**WHAT THE TASK REQUIRES**
From the line containing "WL-QTS结构图.png WL-QTS结构图.png" through the last line of the records below, output every line exactly as it appears, but leave out the pictures.
[DATA — start]
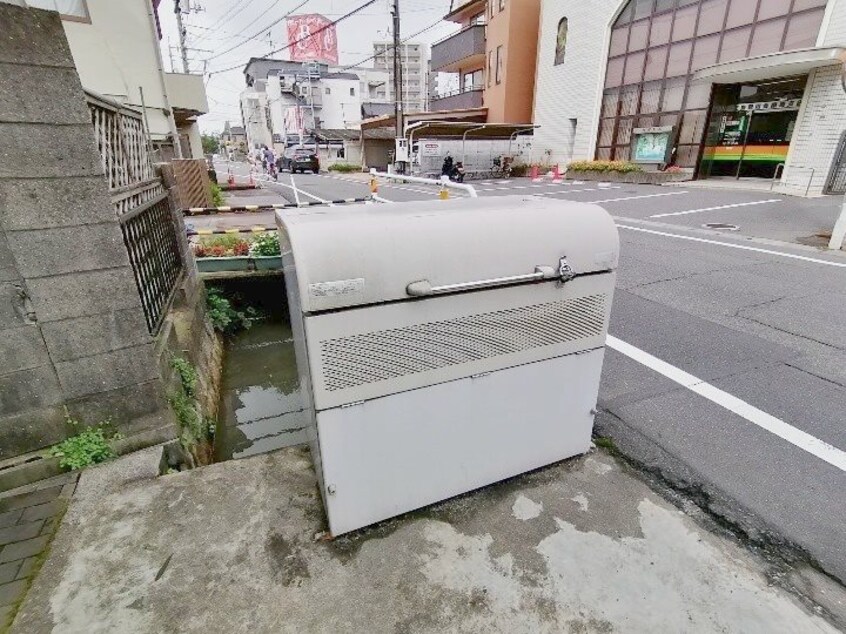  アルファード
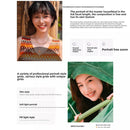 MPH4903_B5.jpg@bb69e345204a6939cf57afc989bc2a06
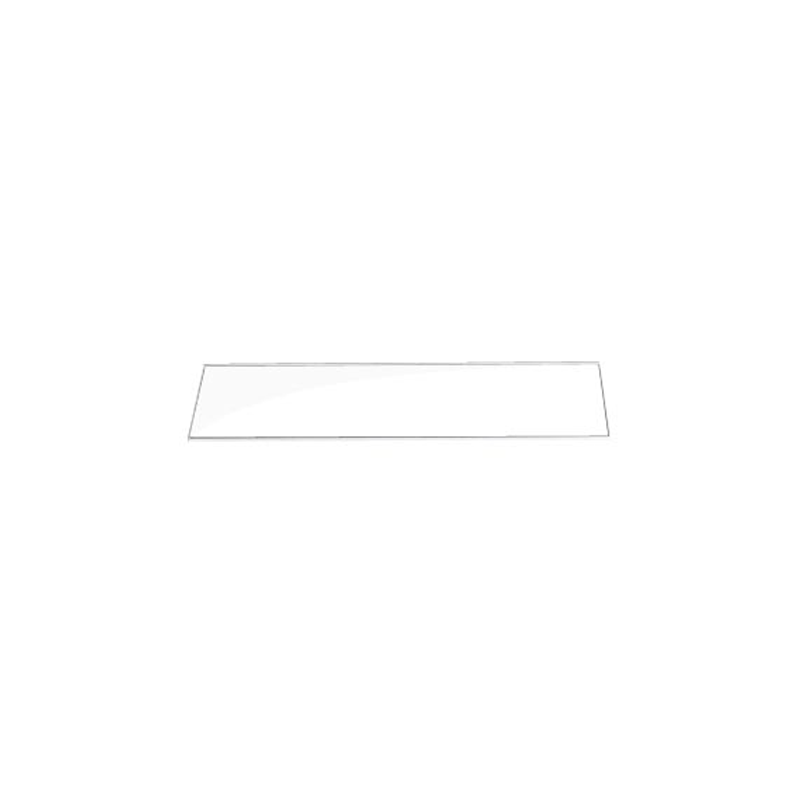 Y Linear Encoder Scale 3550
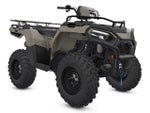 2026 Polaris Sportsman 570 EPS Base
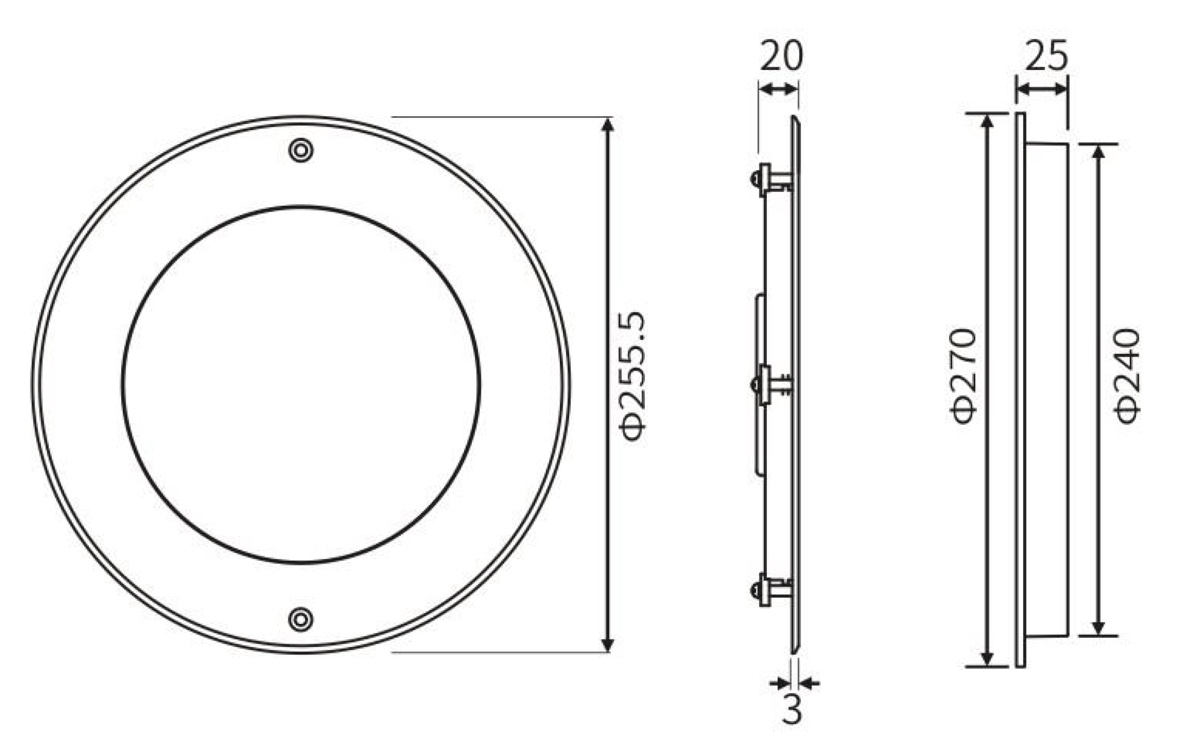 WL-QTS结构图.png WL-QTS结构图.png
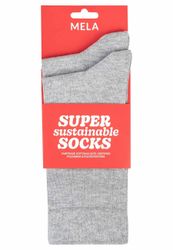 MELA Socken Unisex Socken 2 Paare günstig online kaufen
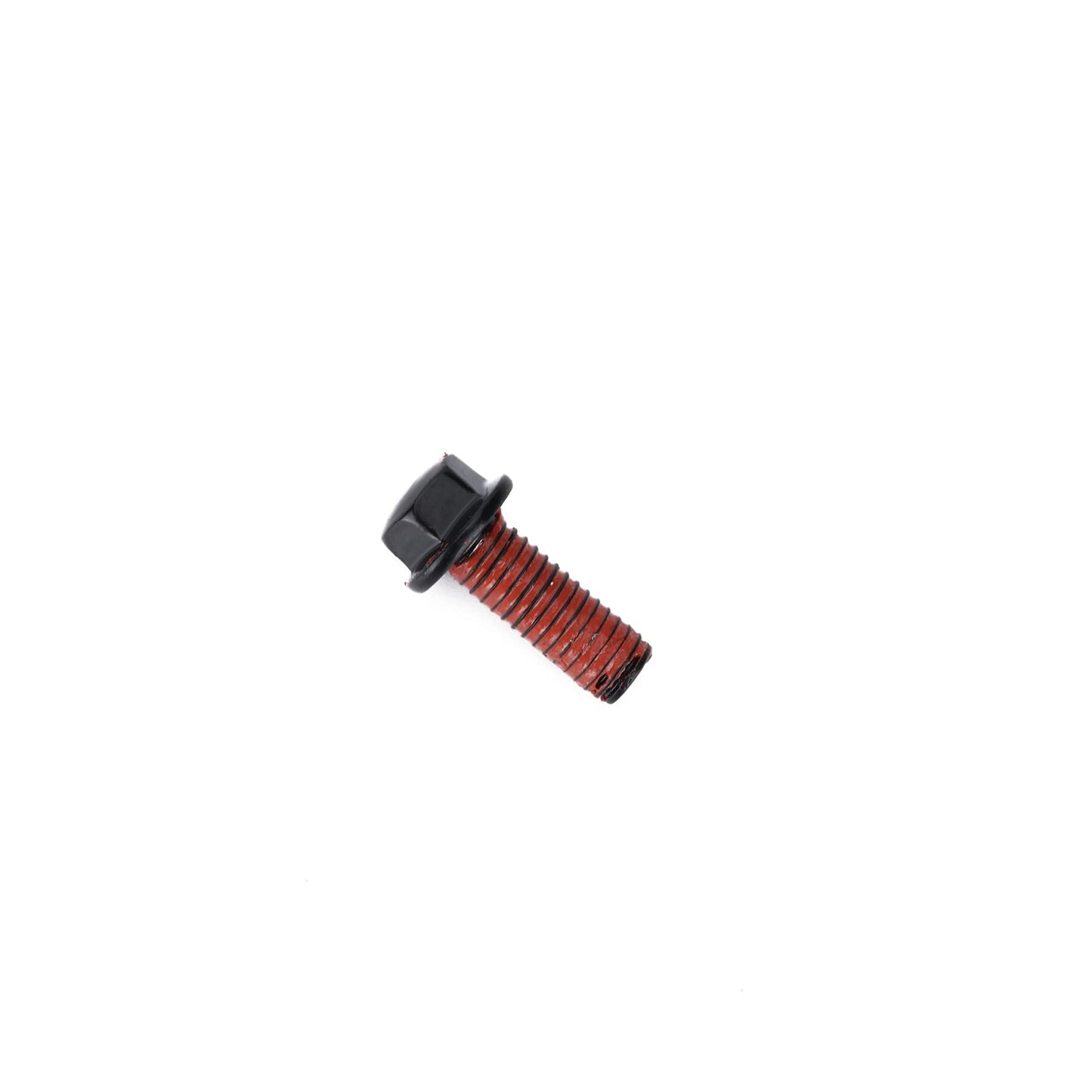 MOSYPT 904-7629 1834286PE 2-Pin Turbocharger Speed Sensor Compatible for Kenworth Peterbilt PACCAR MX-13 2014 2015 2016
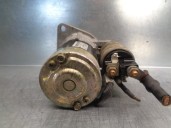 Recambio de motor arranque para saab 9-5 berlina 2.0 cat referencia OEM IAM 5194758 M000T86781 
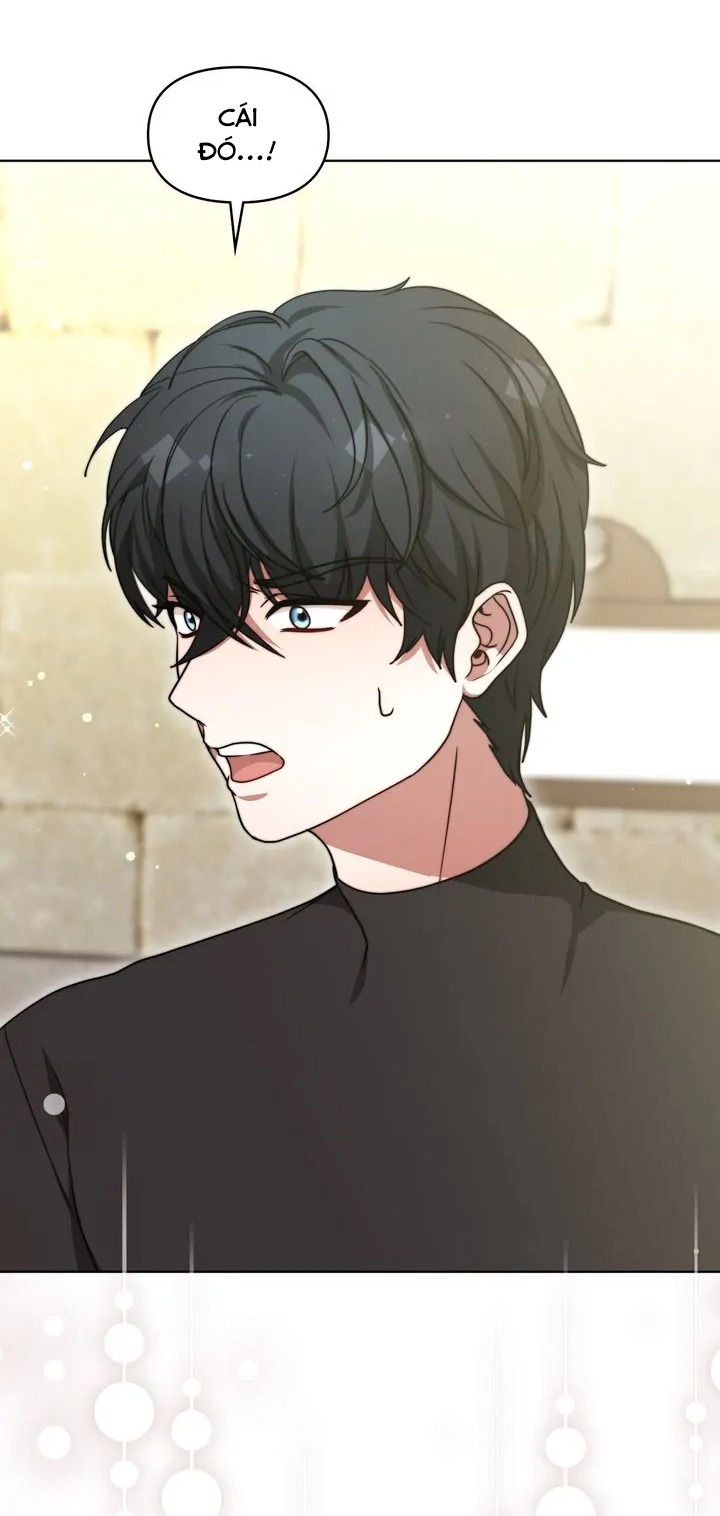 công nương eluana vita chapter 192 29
[DATA — finish]
**EXERCISE RESPONSE**
 WL-QTS结构图.png WL-QTS结构图.png
 MELA Socken Unisex Socken 2 Paare günstig online kaufen
 MOSYPT 904-7629 1834286PE 2-Pin Turbocharger Speed Sensor Compatible for Kenworth Peterbilt PACCAR MX-13 2014 2015 2016
 Recambio de motor arranque para saab 9-5 berlina 2.0 cat referencia OEM IAM 5194758 M000T86781 
 công nương eluana vita chapter 192 29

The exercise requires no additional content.